Wakefield teachers are to take part in a new safeguarding seminar to help them tackle the growing number of young people taking and sharing sexualised images of themselves.
It comes after it was revealed that one in four young people under the age of 18 engage in 'sexting'.
In 2018, 2,082 child sexual abuse images were examined by Internet Watch Foundation (IWF) with 96 per cent of the material depicting children in their own homes.
Critically, these images had been harvested by predators from the platforms where children had innocently or naively shared them.
Official reports also show that on average, one child in every primary school classroom has been sent a naked or semi-naked image online from an adult.
The seminar, delivered by the Ineqe Safeguarding Group, a specialist safeguarding company, in partnership with Zurich, one of the major insurers of schools in the UK, comes at a time when the number of offences linked to child sexual exploitation in Yorkshire and the Humber have increased approx. 60 per cent in two years from 297 to 473 offences during 2018-2019.

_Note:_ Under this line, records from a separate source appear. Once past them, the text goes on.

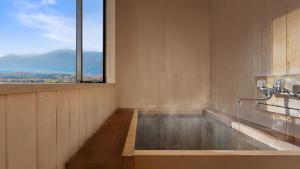 かっぱの宿旅館三治郎 في Zao: حمام مع حوض استحمام مع اطلالة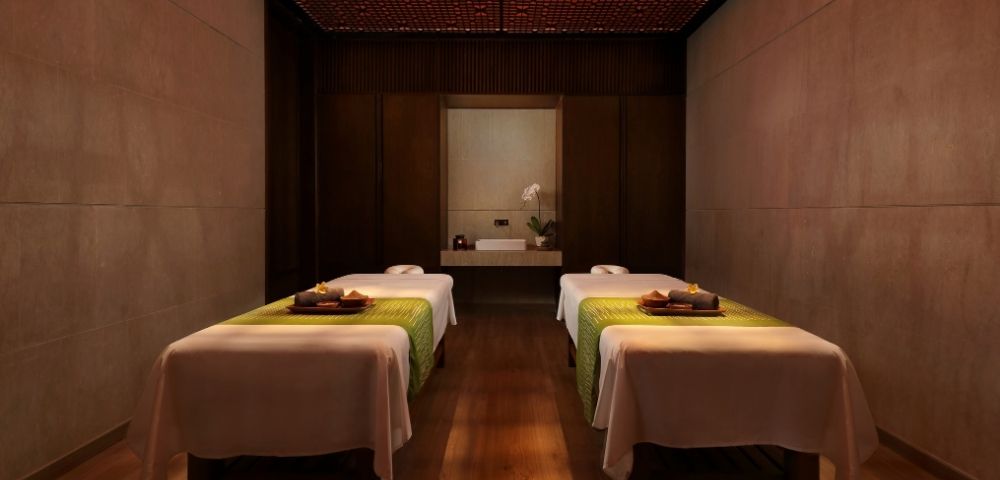Dimly lit luxury spa room with two neatly made treatment tables, folded towels and trays, warm wood walls, and a calm, intimate atmosphere.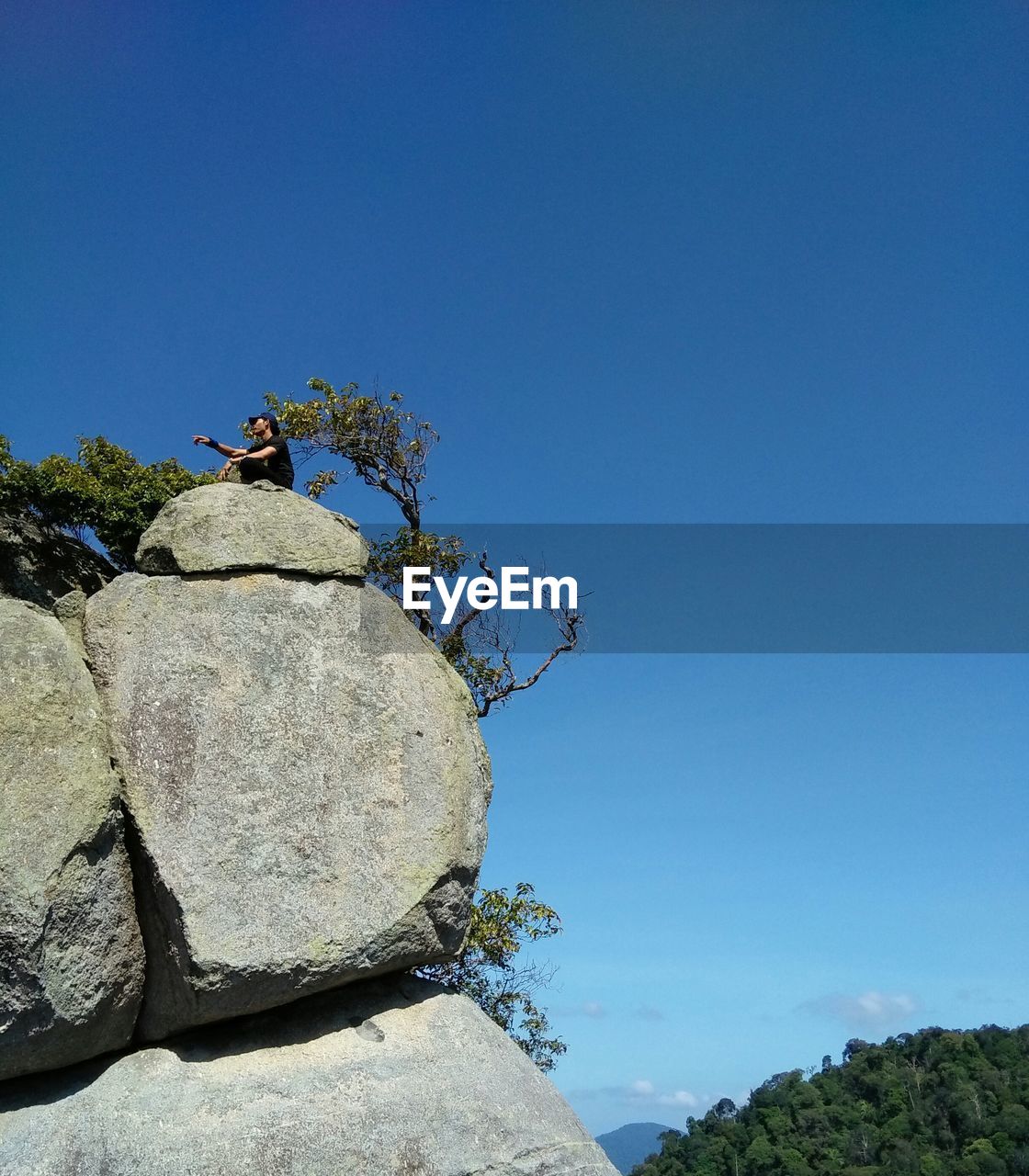 Low angle view of man sitting at the edge of cliff against clear sky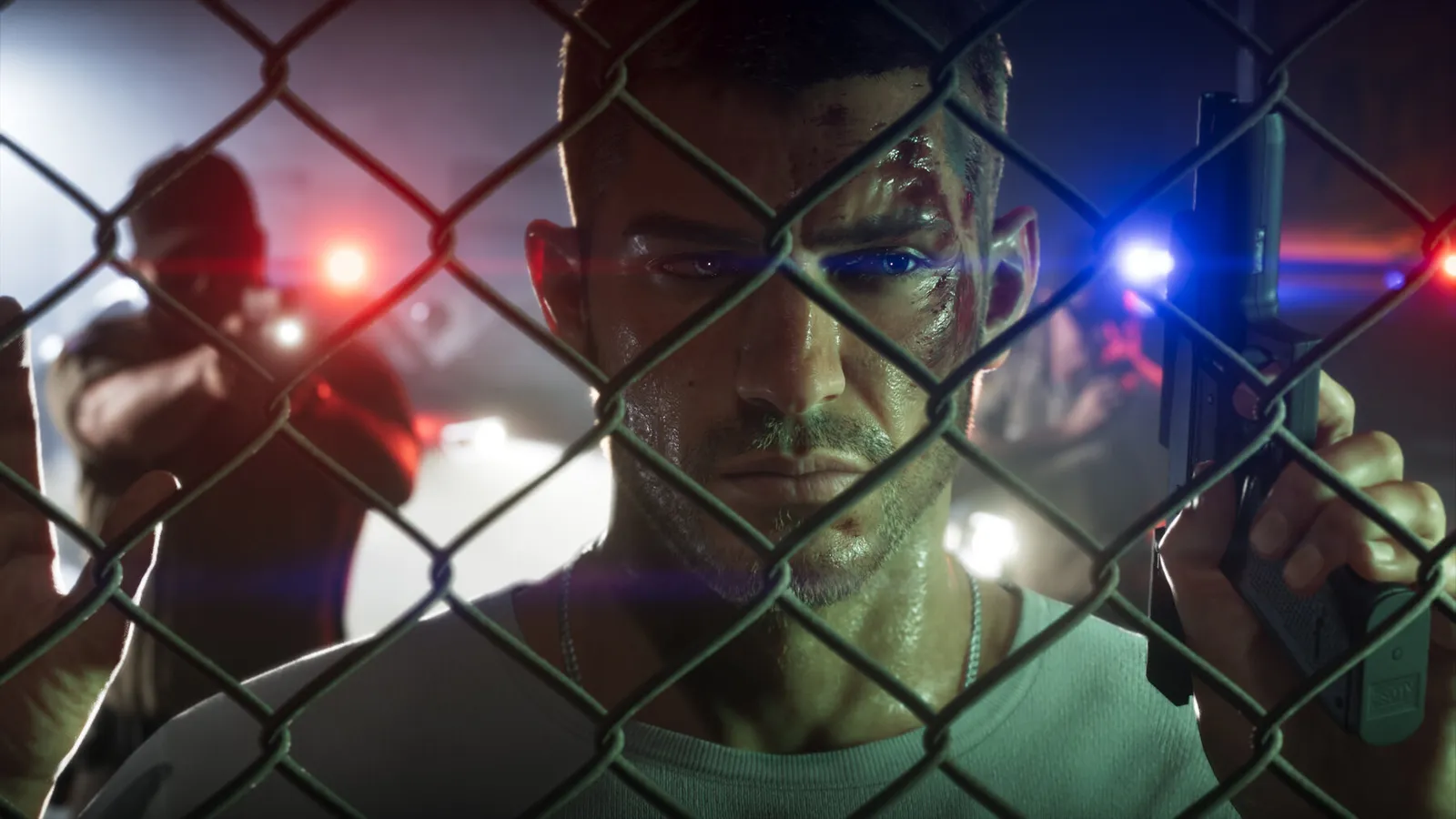 Official GTA 6 screenshot — Jason behind a chain-link fence, red and blue police lights on his face (An Extended Look)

Earlier this year 20 people were arrested in Wakefield during an investigation into organised child sexual exploitation in the city.
The seminar will provide emergency information and guidance on dealing with ‘sexting’ incidents, an overview on the language used during ‘sexting’, vital information about the impact on mental health from ‘sexting incidents’ as well as common motivations for young people to engage in ‘sexting’ and ‘image sharing’.

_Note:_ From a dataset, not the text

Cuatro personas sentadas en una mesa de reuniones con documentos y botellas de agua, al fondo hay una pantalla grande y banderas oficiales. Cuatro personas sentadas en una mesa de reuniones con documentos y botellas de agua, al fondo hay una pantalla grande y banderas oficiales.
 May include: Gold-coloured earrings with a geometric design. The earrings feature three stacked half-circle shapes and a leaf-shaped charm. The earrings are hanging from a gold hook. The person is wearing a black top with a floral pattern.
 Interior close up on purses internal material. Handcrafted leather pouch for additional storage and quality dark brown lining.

The events will be delivered in five cities across the UK including Wakefield, London, Bristol, Preston and Birmingham.
Jim Gamble QPM CEO of Ineqe Safeguarding Group said: “There won’t be a parent, carer, teacher or other safeguarding professional in Wakefield who will not be familiar with, or concerned about, this growing problem.
"Young people now live in a digital world, where social media, reinforced by the world of celebrity influencers and reality TV, encourages them to do whatever it takes to ‘celebritise’ themselves. With this culture comes unprecedented levels of harm and risk.

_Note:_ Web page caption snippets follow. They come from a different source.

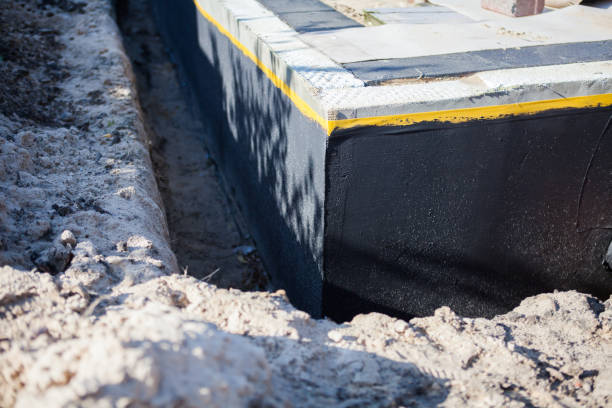 Professional Waterproofing technician working in Jeffersonville, KY
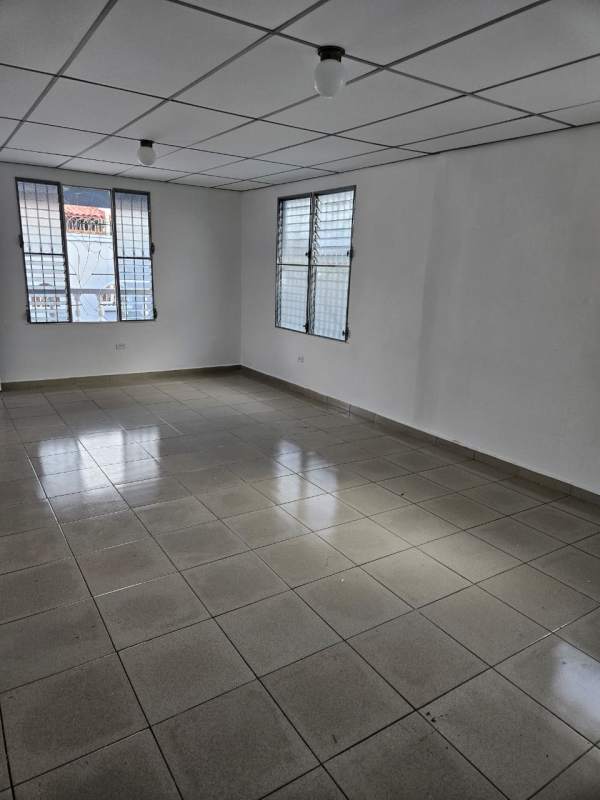 Simple bathroom with tile walls, walk-in shower and toilet in Don Bosco house for sale Panama City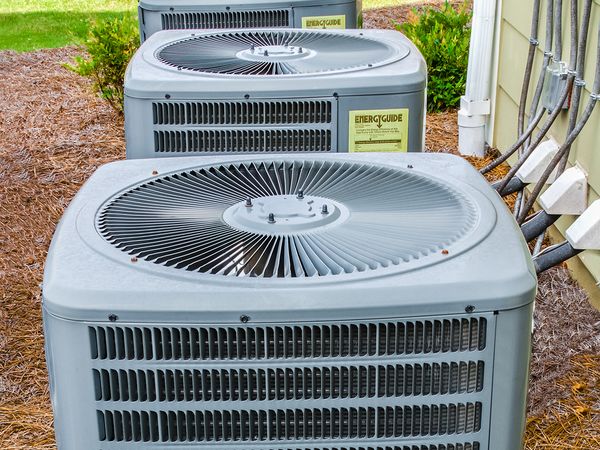 3 air conditioning units outside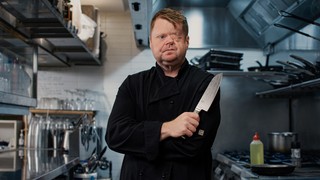 Craig standing in a kitchen.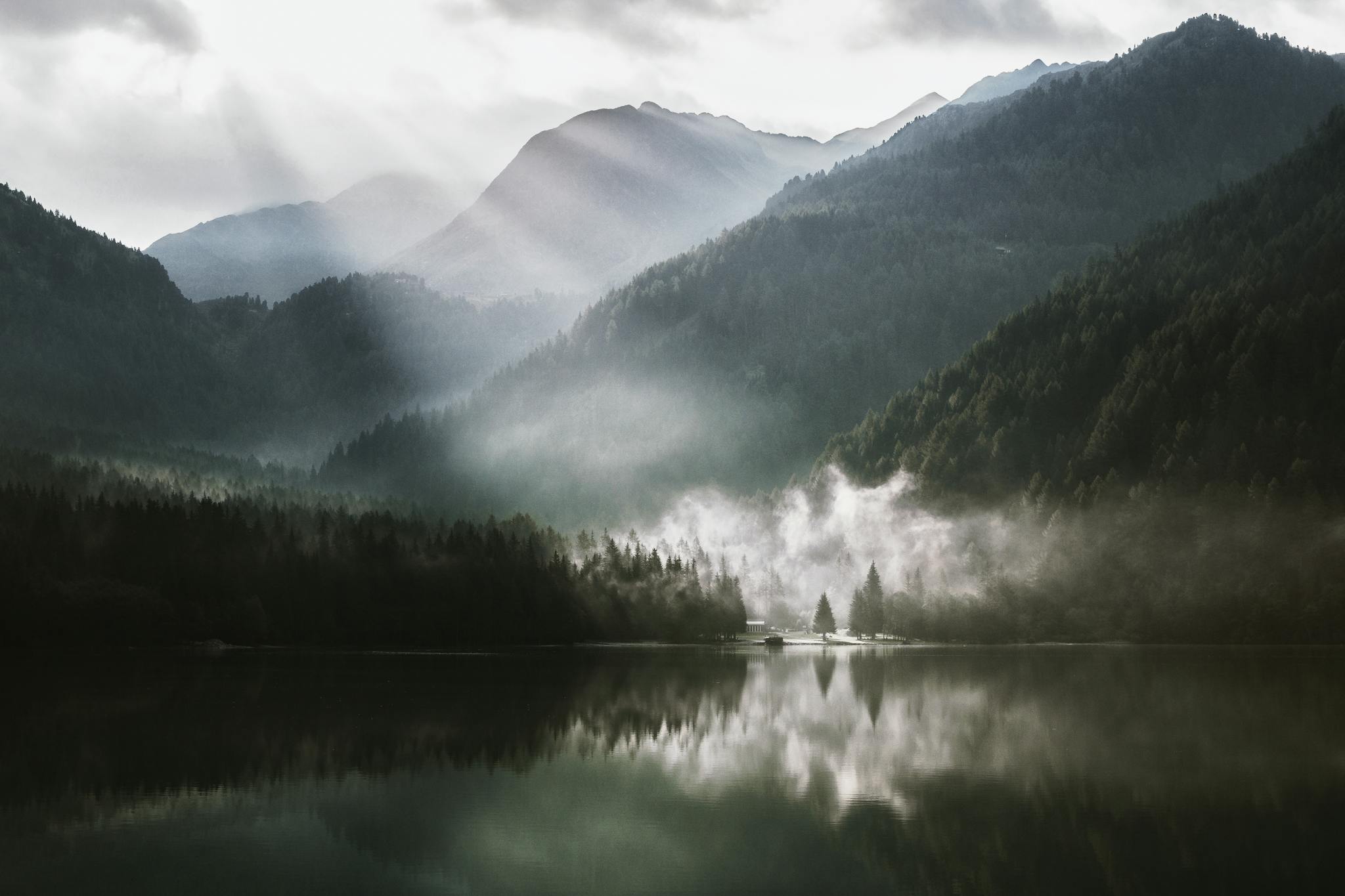 Lake Surrounded With Mountain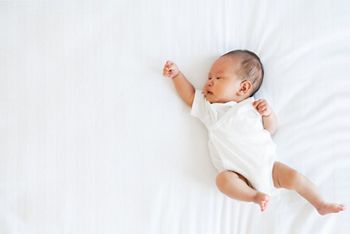 Portrait of Asian newborn baby in white cloth on bed funny pos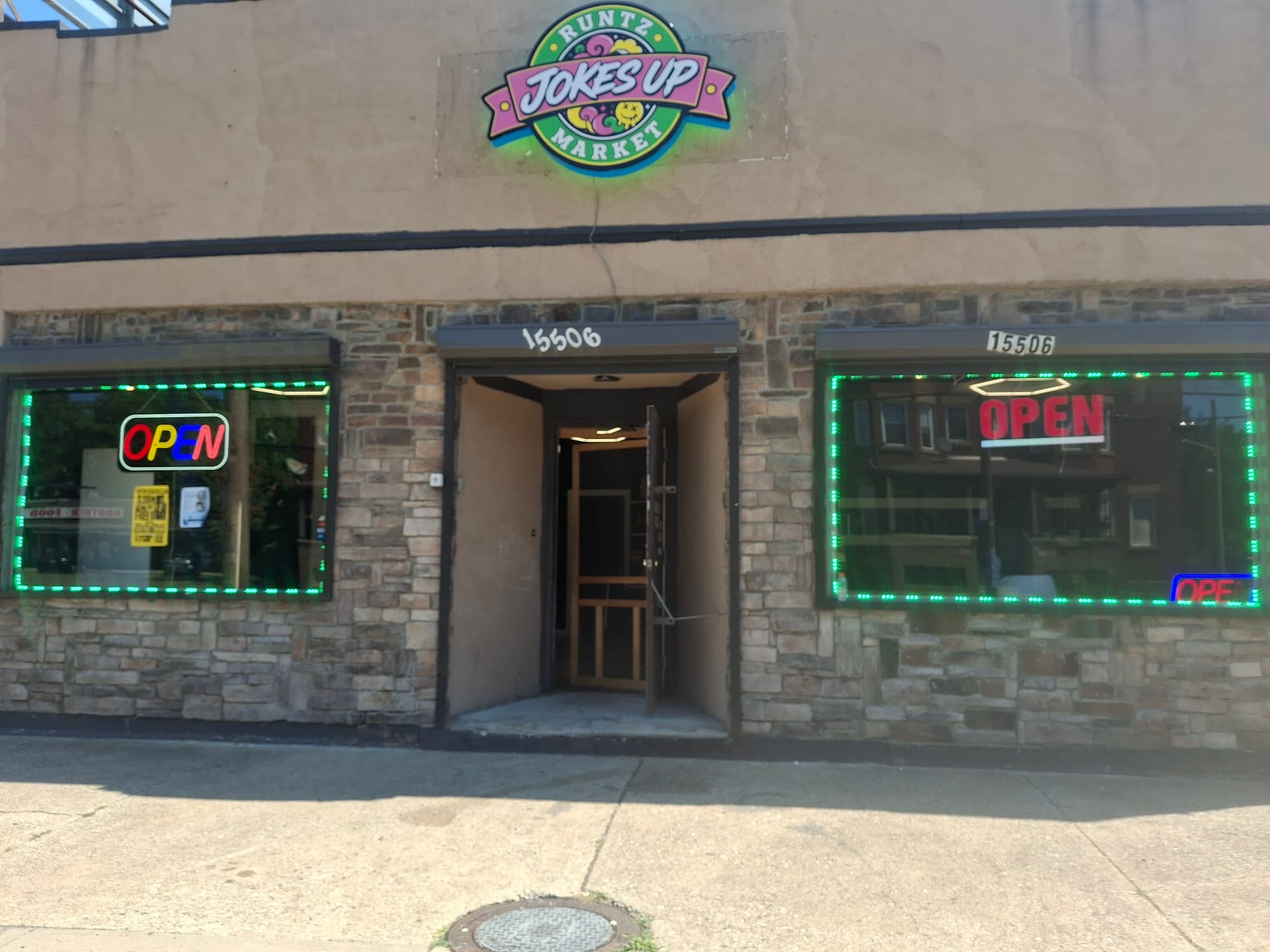Jokes Up Runtz Market logo sign above a storefront with green LED lit windows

“Understanding the final destination of self-generated imagery is vital.
"These seminars represent a great opportunity for everyone involved in the Safer Schools partnership across Wakefield to share and strengthen their knowledge.
"Critically this information will also be reflected in our Safer Schools partnership app, available to parents, carers and safeguarding professionals, so the information they need will always be where they need it, when they need it, in their pockets.”
Marie Williams, Safeguarding Risk Consultant at Zurich said: “These events have been organised in response to an alarming number of concerns we have had from teachers, social workers and other safeguarding professionals.
"It’s most striking that in some cases young people are sharing images which may end up being reproduced on other sites.
"Every time these images are shared further, a young person is re-victimised so we need to make every effort to educate our children, parents and guardians, and entire schools communities about online risks and how to avoid situation where a child may become a victim of online sexual abuse.”